Berry's interest in trees was strongly influenced by William Douglas Cook, the founder of Eastwoodhill Arboretum.
In 1953, as a member of the Royal New Zealand Institute of Horticulture, Berry took part in a trip to Eastwoodhill Arboretum. He became a frequent visitor of Eastwoodhill and Douglas Cook offered advice and support to Berry concerning the arboretum at Abbotsford Station.

After Douglas Cook's death, in 1971, Berry started the immense job of making a catalogue of all the trees of Eastwoodhill, with the help of Bill Crooks.
The first catalogue was published in 1972. In the same year, the first list of trees and shrubs of Abbotsford Station was published.
Berry continued updating the catalogue of Eastwoodhill until 1986.
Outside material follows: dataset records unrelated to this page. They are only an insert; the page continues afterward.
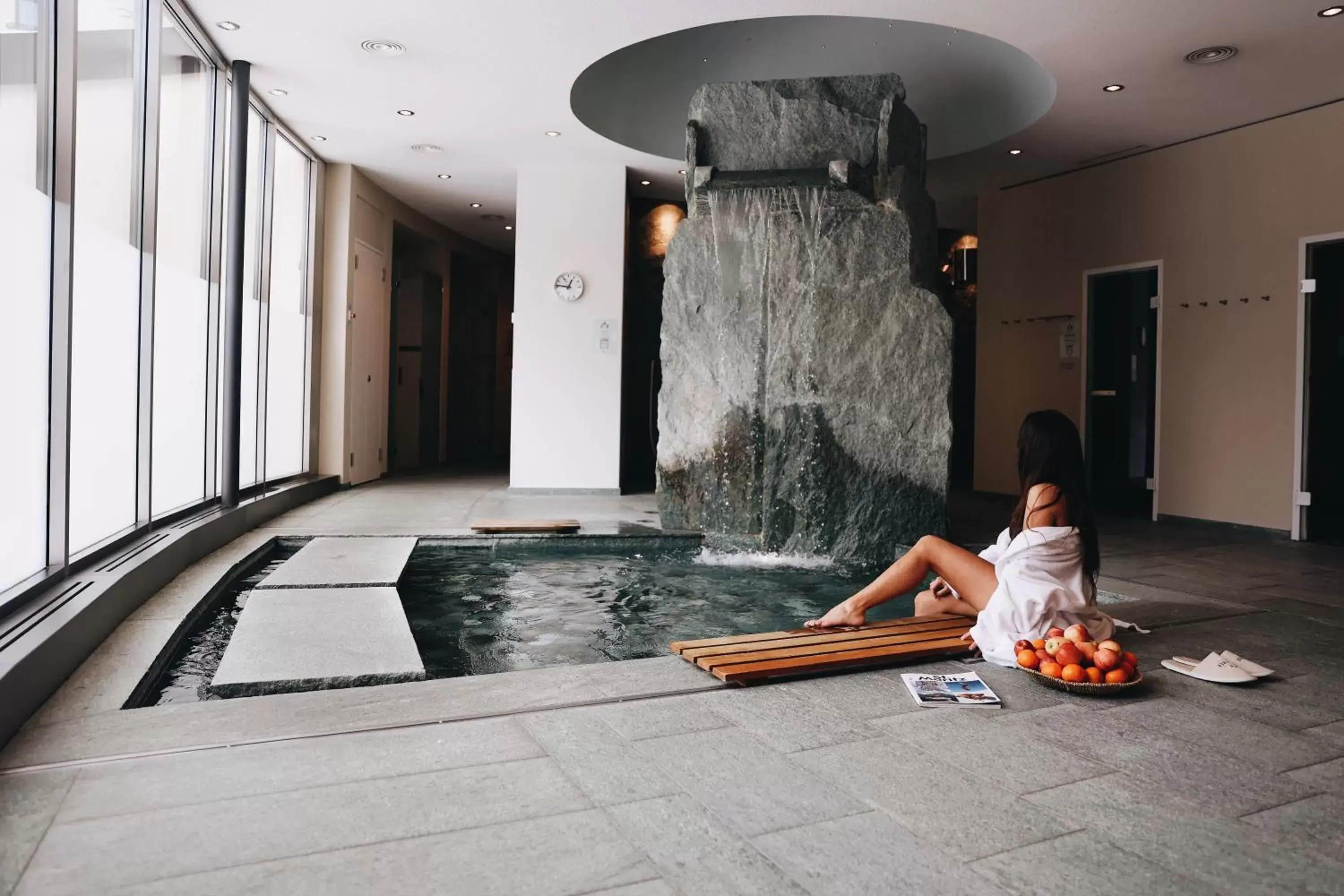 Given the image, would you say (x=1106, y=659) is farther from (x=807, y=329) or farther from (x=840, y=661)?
(x=807, y=329)

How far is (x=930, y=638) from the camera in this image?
10.9 feet

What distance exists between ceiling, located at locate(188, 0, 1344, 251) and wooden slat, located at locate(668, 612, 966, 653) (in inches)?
126

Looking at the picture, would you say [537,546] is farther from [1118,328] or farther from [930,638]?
[1118,328]

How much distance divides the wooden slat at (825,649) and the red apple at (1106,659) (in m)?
0.56

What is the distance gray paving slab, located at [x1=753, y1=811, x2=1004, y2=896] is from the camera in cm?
165

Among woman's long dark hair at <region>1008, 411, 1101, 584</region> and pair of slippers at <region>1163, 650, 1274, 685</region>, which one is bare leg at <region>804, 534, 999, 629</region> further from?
pair of slippers at <region>1163, 650, 1274, 685</region>

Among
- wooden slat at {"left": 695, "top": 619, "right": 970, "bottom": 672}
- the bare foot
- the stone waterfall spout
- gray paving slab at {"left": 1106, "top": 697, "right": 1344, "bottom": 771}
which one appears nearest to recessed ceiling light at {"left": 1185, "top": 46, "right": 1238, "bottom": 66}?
the stone waterfall spout

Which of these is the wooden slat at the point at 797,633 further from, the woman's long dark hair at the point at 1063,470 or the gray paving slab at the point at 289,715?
the woman's long dark hair at the point at 1063,470

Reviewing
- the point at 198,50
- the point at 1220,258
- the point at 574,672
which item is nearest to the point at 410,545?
Answer: the point at 574,672

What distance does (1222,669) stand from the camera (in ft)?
9.75

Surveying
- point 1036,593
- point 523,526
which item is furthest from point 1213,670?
point 523,526

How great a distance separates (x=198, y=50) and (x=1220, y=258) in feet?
23.8

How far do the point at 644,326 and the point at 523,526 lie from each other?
14.4 ft

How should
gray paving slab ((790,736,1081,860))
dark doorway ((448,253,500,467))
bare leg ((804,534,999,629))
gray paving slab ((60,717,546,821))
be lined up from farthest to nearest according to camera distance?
1. dark doorway ((448,253,500,467))
2. bare leg ((804,534,999,629))
3. gray paving slab ((60,717,546,821))
4. gray paving slab ((790,736,1081,860))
In 1977, a group of members of the International Dendrology Society (IDS) visited Abbotsford Arboretum for the first time.
Berry joined the IDS, and in October 1982 joined a tour to Mexico, which was the beginning of a particular interest in Central American Oaks (Quercus sp.).
This trip was followed by several others to Mexico to collect acorns.

Berry remained in charge of Abbotsford Station until 1984, when his niece, Diane, and her husband Kevin Playle took over the management of the farm. The name of the station changed (back) to Hackfalls Station at that moment, and Berry could spend more time with his trees.
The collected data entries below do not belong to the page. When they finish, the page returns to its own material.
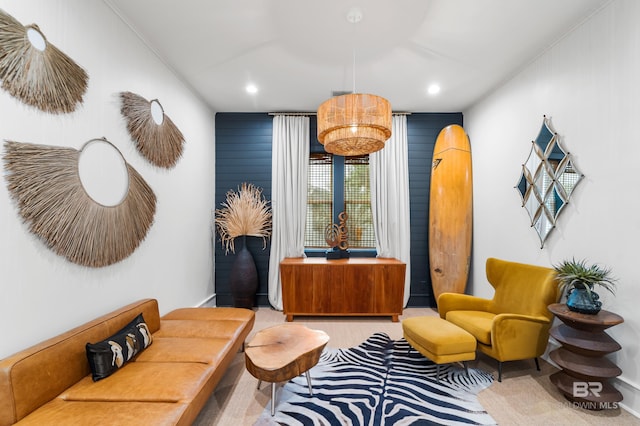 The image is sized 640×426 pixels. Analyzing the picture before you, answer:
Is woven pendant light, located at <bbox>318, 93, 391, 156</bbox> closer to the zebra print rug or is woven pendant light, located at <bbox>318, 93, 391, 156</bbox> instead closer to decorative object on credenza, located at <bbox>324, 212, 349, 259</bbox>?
decorative object on credenza, located at <bbox>324, 212, 349, 259</bbox>

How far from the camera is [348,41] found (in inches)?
110

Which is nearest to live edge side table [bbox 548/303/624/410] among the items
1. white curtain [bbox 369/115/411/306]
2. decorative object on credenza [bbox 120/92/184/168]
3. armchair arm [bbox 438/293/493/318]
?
armchair arm [bbox 438/293/493/318]

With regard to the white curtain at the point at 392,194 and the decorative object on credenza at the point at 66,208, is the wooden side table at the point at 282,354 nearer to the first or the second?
the decorative object on credenza at the point at 66,208

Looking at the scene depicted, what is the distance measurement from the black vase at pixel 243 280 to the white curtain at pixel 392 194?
1915 mm

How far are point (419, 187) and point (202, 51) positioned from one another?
342 centimetres

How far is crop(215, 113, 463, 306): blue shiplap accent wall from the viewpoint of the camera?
4.61 meters

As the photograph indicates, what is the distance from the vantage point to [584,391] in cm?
215

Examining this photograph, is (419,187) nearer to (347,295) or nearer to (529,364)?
(347,295)

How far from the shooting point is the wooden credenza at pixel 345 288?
3.96 meters

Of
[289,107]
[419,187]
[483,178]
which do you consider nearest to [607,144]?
[483,178]

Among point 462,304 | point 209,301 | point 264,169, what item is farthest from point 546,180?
point 209,301

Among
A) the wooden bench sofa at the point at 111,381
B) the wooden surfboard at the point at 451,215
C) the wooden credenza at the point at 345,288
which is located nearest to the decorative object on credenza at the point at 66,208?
the wooden bench sofa at the point at 111,381

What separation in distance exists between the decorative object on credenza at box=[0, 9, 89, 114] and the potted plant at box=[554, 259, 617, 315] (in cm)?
379

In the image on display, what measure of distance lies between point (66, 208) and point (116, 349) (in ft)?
3.15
In 1990, Berry welcomed another group of IDS members at Hackfalls Arboretum, led by Lady Anne Palmer. Later the same year Berry married Lady Anne. She played an important role in the development of the homestead garden at Hackfalls Station, being an eminent plantswoman in her own right.

In 1993, the arboretum was protected by a covenant with the Queen Elizabeth II National Trust. It now covers about 50 ha and contains over 3,500 trees and shrubs.
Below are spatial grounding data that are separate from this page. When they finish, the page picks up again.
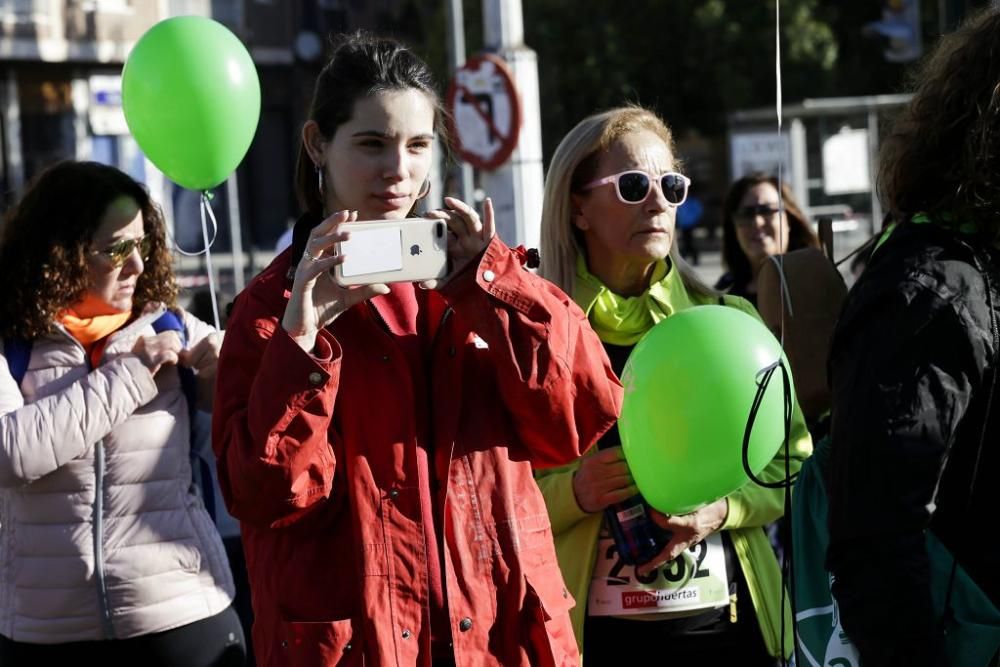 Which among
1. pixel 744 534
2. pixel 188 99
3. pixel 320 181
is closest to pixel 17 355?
pixel 188 99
In July 2006, Bob and Anne Berry left the homestead of Hackfalls Station and moved into the town of Gisborne.

Berry turned 100 in June 2016, and he died on 2 August 2018 at the age of 102. Lady Anne Berry died aged 99 in September 2019.

==Hackfalls Arboretum==

Berry originally planned to make maples the main tree collection of his arboretum. However, he soon discovered that the land was better suited to growing oak trees. There are now about 90 different maples, mostly species, but also some hybrids and cultivars. There are 45 species of Mexican oaks, plus several forms and hybrids. Together with specimens from other regions the oaks have reached a total of about 150 different taxa.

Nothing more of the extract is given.